That consistency in magnitude and timing across the country is important. Clearly, planning must have had major impacts, long-term and in every TLA area. All or most plans must have impacted prices to about the same degree, and at the same time. Otherwise, the extent and timing of price rises would have varied across different parts of the country.
This highlights a key issue. New urban development is the main mechanism through which planning constraints can impact on housing prices. If growth is fast, the effects of planning constraints will be relatively high, because of greater pressure for land and housing, with new builds a bigger share of the dwelling estate. But with slow growth, planning’s effects on prices would be lower and take more time. For TLA plans to affect prices to the same degree at the same time, not only would the impacts of every plan need to be the same, but also the rate of demand growth would need to be broadly similar across the country.

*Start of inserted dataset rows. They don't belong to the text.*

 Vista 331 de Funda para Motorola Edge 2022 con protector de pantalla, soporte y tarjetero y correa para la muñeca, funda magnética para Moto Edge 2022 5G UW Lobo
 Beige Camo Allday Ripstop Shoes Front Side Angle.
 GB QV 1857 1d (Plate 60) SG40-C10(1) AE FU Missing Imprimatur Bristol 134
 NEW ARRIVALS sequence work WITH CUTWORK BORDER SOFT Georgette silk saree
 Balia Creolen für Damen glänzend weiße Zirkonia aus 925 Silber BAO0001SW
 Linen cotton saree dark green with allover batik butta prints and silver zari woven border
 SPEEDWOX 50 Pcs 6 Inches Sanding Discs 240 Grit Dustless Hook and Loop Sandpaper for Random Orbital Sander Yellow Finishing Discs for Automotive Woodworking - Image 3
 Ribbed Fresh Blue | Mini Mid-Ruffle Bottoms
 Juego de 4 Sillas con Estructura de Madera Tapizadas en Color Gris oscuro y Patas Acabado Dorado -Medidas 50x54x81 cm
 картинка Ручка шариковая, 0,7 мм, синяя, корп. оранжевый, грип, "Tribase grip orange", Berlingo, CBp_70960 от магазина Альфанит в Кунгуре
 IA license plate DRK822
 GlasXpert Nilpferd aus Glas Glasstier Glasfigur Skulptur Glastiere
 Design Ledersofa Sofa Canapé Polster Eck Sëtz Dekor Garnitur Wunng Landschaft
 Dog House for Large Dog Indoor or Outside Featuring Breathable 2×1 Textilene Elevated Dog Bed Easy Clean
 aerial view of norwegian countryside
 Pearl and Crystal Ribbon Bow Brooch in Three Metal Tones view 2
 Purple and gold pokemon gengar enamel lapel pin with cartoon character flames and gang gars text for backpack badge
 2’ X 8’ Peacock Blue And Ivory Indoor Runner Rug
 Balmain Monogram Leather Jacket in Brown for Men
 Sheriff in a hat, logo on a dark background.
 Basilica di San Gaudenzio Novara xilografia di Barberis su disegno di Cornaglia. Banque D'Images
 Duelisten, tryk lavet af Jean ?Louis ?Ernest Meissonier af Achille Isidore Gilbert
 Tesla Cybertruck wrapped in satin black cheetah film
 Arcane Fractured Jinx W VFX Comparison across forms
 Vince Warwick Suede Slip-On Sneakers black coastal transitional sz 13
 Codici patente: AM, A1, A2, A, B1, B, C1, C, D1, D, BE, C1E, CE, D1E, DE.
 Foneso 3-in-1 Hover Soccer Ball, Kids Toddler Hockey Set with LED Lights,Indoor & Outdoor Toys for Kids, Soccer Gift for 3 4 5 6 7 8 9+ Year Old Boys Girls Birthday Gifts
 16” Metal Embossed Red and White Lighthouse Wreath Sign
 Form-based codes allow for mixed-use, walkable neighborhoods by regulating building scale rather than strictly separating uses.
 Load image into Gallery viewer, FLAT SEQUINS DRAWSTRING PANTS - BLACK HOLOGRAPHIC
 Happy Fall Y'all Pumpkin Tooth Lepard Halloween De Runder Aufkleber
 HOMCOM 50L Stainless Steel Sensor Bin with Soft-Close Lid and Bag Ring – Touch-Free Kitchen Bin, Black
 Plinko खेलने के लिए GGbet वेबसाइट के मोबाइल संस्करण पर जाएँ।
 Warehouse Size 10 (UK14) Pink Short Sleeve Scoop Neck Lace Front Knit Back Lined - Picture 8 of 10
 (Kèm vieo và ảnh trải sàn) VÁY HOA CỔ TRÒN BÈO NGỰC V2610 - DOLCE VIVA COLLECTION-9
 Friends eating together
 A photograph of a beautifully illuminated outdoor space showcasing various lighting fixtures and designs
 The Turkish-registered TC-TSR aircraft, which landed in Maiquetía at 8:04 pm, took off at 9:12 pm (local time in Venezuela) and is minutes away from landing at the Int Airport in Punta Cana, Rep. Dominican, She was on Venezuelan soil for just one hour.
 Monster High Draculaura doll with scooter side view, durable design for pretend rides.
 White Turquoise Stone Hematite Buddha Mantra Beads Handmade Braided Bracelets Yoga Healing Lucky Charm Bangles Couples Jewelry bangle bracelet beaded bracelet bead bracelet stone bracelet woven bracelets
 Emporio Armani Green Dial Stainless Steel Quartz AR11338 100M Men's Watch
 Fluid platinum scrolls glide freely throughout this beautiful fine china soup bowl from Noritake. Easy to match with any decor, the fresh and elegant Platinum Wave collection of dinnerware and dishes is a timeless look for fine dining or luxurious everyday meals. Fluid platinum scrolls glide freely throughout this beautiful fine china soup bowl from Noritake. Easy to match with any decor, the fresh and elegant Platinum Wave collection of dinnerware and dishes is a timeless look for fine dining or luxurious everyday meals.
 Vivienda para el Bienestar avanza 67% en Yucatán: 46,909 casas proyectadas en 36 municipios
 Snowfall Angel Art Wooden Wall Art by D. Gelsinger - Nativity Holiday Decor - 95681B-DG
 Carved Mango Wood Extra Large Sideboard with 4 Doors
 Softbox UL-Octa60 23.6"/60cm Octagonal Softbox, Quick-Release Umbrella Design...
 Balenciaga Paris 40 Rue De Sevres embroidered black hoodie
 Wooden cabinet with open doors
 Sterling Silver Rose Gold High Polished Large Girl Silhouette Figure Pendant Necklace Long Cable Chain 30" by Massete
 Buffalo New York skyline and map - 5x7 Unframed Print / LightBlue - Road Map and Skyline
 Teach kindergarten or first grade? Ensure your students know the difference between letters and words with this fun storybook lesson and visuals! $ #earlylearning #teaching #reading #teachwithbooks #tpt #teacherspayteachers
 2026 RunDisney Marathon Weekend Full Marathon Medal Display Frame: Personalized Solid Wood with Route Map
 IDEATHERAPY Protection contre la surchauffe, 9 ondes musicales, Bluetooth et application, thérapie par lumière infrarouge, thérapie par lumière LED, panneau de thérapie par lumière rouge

However, growth rates were not similar across the country. The big picture (Figure 1) shows for all 67 TLAs housing price growth %pa (red line) and housing demand (dotted line) since 2000. One clear feature is TLAs’ consistency in housing price growth, mostly in the 6%-8%pa band. The other is the variation in housing demand[1], some TLAs growing 2-3 times as fast as others. If planning did affect housing prices to the degree claimed, then price rises should have been higher in faster growing TLAs with high demand and therefore high impact from planning constraints, and lower in slower growing TLAs.
Nor does the observed pattern reflect some failure of housing supply lines, for example where land supply constraints caused low consenting volumes. Household growth, the core driver of housing demand, also appears un-related to price growth (Figure 2). Over the last 20 years housing price rises have occurred largely irrespective of TLA growth rates.
Figure 1: Housing Price Growth and Housing Build Intensity by TLA 2000-2020
Figure 2: Housing Price Growth and Household Growth by TLA 2000-2020
The Theories
These results are significant. The evidence that house price rises have occurred irrespective of TLA growth rates conflicts directly with the asserted relationship that housing price rises are driven by planning constraints on growth capacity. Price rises were similar right across the country, but demand growth – the catalyst for planning constraints to impact on prices – varied substantially. This anomaly shows there is more to the price rises than just regulation and constraints on urban growth. The search for causes of housing price growth needs to be wider, with closer attention to the theoretical and research base relied on to date.
Brief History
Academic and government interest in housing price growth ramped up from the early 2000s, especially in USA and Europe. There was major focus on substantial differences in land values either side of the urban edge, where the obvious contrast between urban and rural saw efforts to identify what urban land values ‘should’ be. That focus has flowed through to New Zealand, with attention to large differences between urban and non-urban land values around our cities and towns.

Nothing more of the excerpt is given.